Mojo Stew (L-R) John Maier, Monica Morris, Michael Hill, Bill Porter, Garard Montague.
Credit Paul Beaty

Blues, R&B, and rock were stamped on Mojo Stew's calling card from the mid 1980's through the early 90's. The central Illinois quintet that toured the Midwest extensively and appeared on Natalie Cole's "Big Break" show reunites for a show with The Mechanics and The Something Brothers April 8 at The Castle Theater in Bloomington. Guitarist Bill Porter said the reunion show has jogged fond memories from the band's heyday some 30 years ago.

"Being able to see Nashville, that was such a music city," said Porter. "Then we went out to Los Angeles, that's got a different scene.  We played a lot in St. Louis.  You know the blues has a whole different kind of sound there. It was just neat traveling around and meeting different people and finding out the way they did things."

He chuckled recalling how bass player Michael Hill and saxophonist Garard Montague would listen to Frank Sinatra while laughing in the back seat.

"And our drummer John Maier, we called him 'Kingpin' because he was the leader, he had a bag phone and we thought that was really cool because he could talk to our manager when we were on the phone," said Porter.

All five original members will be at the reunion show. Porter, Hill, Montague, and Maier will be joined by vocalist Monica Morris, who came in from her home in Indiana.
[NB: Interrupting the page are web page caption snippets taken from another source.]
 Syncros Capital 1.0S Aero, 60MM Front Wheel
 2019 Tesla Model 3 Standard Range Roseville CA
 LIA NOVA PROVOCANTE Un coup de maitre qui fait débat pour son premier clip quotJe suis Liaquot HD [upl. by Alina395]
Maier flew in from California, while Porter, Hill, and Montague still live in central Illinois. Porter said rehearsals and swapping old stories has been fun.

"Hearing that sound that only five unique individuals can make, and having (sound man) Don there to help with the engineering and mixing ... it was really a nice flashback," said Porter. "And that's what we think this whole evening is going to be - almost like a big high school reunion where we're going to see all our old friends from the 80's."

Not unlike fellow performers The Something Brothers, Mojo Stew's arrow pointed up at the time, and they came close to signing with a few record labels. Porter said the band's inability to settle on a sound probably kept them from reaching that final step, though Alligator Records put them on bills with many of their blues artists including Joanna Connor, the late Lonnie Brooks, and Big Daddy Kinsey & The Kinsey Report.

"It was so neat to be part of the whole Chicago music scene. But what was lacking? They couldn't categorize us. We had the funk thing going on and we had the blues thing going on. But we didn't want to be limited to one format or style. Ultimately we couldn't decide which direction to go.  Just be a blues band, which was working, or try to aspire bigger now that we had a taste of L.A. and the Natalie Cole show. Ironically, after we broke up, Dave Matthews comes on the scene with a saxophone player and funky ahh ... doggone it," laughed Porter.

Mojo Stew, The Mechanics, and The Something Brothers all reunite April 8 at The Castle Theater in a show that will also serve as a benefit for Denny De Bourbon, who managed and/or booked all three bands. Doors will open at 7:00 p.m. with music starting at 8:00 p.m.